-- ABOUT THIS EXERCISE --
In the copy, include all of the listing exactly and none of its pictures.

-- DATA --
::::::::::
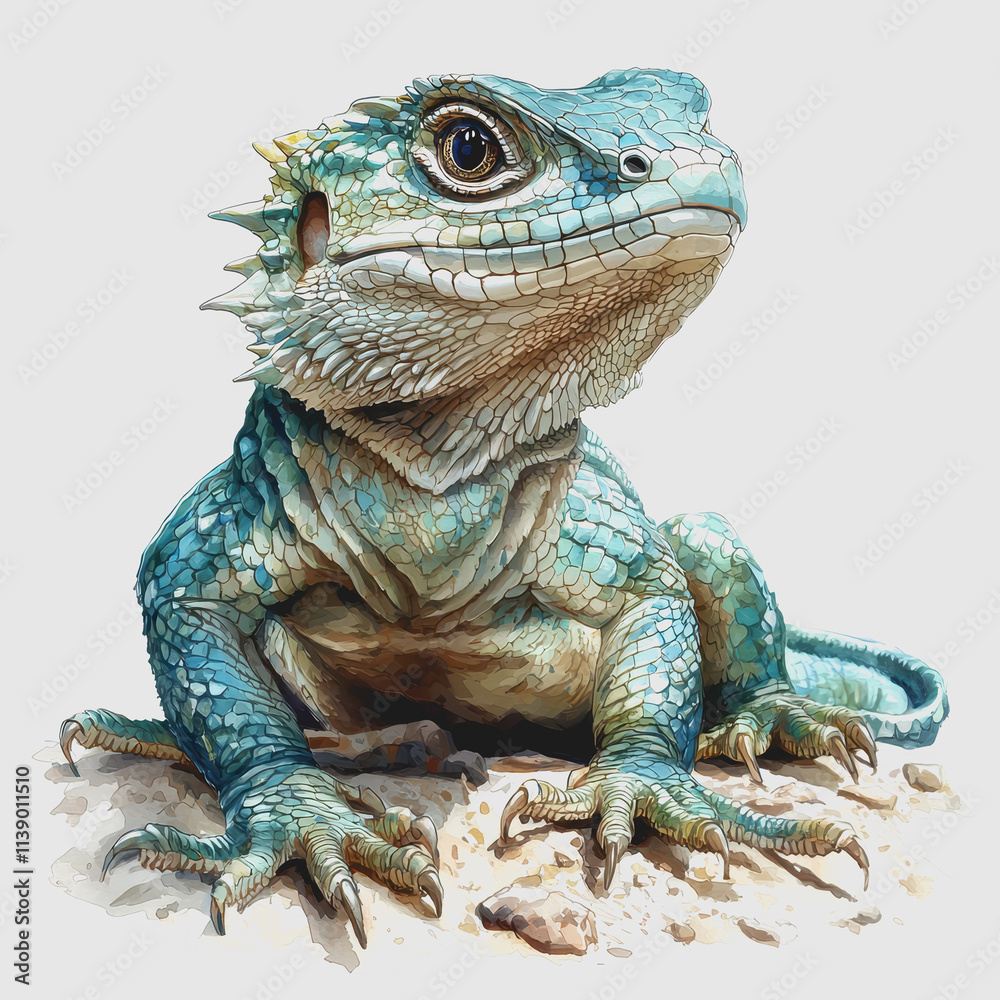 Obraz premium Chinese Water Dragon Lizard Blue Green Colorful Reptile Exotic Animal Nature Wildlife Photography High Detail Close Up Professional Stock Image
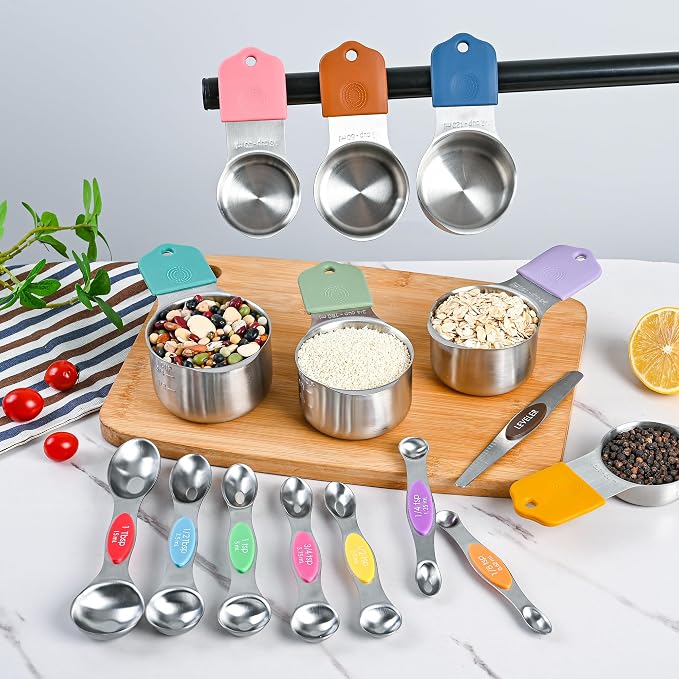 Measuring Cups and Spoons Set 16, Metric & US Stainless Steel Magnetic Measuring Cups and Spoons Set for Baking & Kitchen, Dry & Liquid Metal Measure Cups & Spoons with Leveler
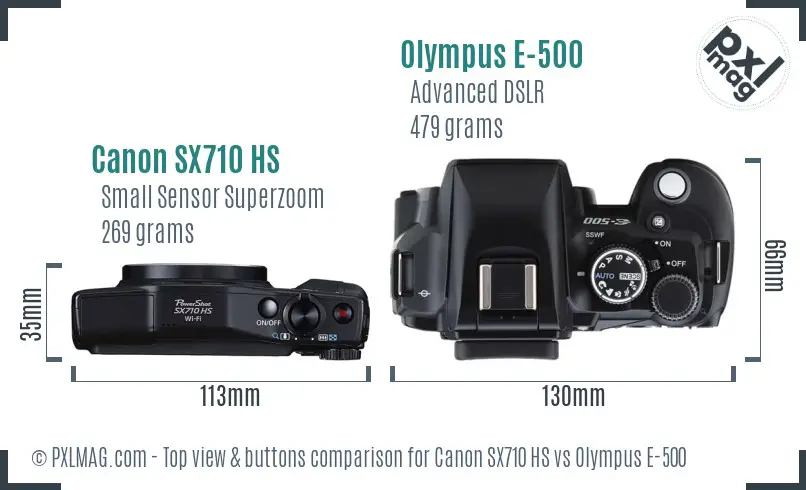 Canon SX710 HS vs Olympus E-500 top view buttons comparison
::::::::::
-- WRITTEN SOLUTION --
 Obraz premium Chinese Water Dragon Lizard Blue Green Colorful Reptile Exotic Animal Nature Wildlife Photography High Detail Close Up Professional Stock Image
 Measuring Cups and Spoons Set 16, Metric & US Stainless Steel Magnetic Measuring Cups and Spoons Set for Baking & Kitchen, Dry & Liquid Metal Measure Cups & Spoons with Leveler
 Canon SX710 HS vs Olympus E-500 top view buttons comparison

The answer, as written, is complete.